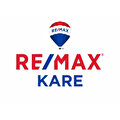 REMAXKare Gayrimenkul Yatırım Şirketi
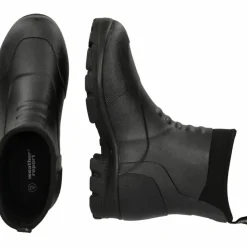 Online · Colter Herren Gummistiefel|Boots & Stiefel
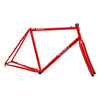 Ritchey Ultra Frameset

TASK DIRECTIONS »
After removing the pictures, restate the whole listing above word for word.

SOLUTION BELOW »
 REMAXKare Gayrimenkul Yatırım Şirketi
 Online · Colter Herren Gummistiefel|Boots & Stiefel
 Ritchey Ultra Frameset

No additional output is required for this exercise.